私立!三十三間堂学院(9)

花泥棒は罪になる
著:佐藤ケイ 画:かみやまねき 電撃文庫*1

法行をベースに任命して音楽祭に出場しようと画策するギターの元天才 まこ は、元ドラマー 蕾花をバンドに誘うが、蕾花にはスティックを取らない理由が――何故ギターを選んだのか軽音楽モノ。
今巻は、法行を巡る権謀術数というよりは、『さよならピアノソナタ』(杉井光) *2から恋愛分をすべて除去したかのような、完全なるバンド結成ストーリー。

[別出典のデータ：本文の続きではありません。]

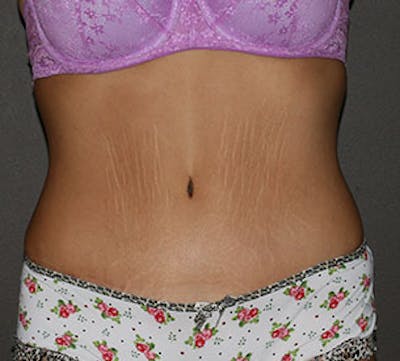 Abdominoplasty (Tummy Tuck) Before & After Gallery - Patient 117645891 - Image 2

この作者の作品には、テーマにしたジャンルの蘊蓄を熱く語る傾向があります。本作の場合にも、乱舞するテクニカルタームのリズム感が、躍動する蕾花の心理にうまくマッチしている感じ。
音楽の実力だけでCDを3000枚売ったらプロデビューを認める、という父親に挑戦して、見事負けた経験を持つ まこ。その挫折が、彼女の芯の強さを形作っていて、『さよなら〜』のヒロイン真冬の《弱さ》とは対照的です。
トラウマ解消ストーリーに落とし込まなかった展開が超好み。法行は最早どうでも良くなってきた今、女の子の友情分を欲する人にお薦め。